[Scraped caption text data]
=== Begin Enclosure ===

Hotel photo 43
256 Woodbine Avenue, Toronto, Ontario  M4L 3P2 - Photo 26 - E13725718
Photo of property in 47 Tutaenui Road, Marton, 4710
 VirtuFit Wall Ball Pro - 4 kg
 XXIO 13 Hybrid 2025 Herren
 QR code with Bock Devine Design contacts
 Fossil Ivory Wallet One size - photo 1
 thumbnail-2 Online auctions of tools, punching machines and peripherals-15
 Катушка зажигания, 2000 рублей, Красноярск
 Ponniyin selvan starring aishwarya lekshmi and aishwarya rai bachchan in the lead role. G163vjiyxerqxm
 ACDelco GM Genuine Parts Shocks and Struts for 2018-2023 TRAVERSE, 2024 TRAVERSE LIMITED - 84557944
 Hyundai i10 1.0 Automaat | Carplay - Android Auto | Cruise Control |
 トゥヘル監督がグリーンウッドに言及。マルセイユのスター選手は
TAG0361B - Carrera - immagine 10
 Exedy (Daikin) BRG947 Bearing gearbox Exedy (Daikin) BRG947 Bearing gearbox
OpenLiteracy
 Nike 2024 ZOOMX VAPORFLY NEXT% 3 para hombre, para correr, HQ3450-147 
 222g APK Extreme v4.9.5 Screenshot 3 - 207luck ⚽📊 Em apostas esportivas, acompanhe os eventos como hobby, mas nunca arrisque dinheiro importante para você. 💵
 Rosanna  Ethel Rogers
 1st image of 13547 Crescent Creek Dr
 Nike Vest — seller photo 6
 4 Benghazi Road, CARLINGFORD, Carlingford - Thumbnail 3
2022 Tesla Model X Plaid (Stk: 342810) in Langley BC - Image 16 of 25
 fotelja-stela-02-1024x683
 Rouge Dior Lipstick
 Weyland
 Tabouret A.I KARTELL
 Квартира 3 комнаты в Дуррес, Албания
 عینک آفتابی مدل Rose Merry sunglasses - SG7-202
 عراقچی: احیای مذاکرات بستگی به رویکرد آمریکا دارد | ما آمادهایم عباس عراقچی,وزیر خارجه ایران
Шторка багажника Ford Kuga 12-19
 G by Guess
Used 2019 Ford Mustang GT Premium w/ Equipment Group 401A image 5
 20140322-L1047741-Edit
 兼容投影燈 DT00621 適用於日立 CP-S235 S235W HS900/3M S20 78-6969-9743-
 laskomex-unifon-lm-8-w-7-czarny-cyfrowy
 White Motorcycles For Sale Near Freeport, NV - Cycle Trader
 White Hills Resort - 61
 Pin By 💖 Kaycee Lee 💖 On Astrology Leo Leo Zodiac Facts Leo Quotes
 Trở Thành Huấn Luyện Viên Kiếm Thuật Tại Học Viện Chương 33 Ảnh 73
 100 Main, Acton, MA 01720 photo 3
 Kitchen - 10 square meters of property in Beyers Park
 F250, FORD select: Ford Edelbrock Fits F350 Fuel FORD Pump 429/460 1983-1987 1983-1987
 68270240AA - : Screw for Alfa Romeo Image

=== End Enclosure ===

### TRY IT
Among the entries above, the line containing "عینک آفتابی مدل", the line containing "20140322-L1047741-Edit", and all lines between them are to be restated word for word; nothing else belongs in the reply.

### RESPONSE
 عینک آفتابی مدل Rose Merry sunglasses - SG7-202
 عراقچی: احیای مذاکرات بستگی به رویکرد آمریکا دارد | ما آمادهایم عباس عراقچی,وزیر خارجه ایران
Шторка багажника Ford Kuga 12-19
 G by Guess
Used 2019 Ford Mustang GT Premium w/ Equipment Group 401A image 5
 20140322-L1047741-Edit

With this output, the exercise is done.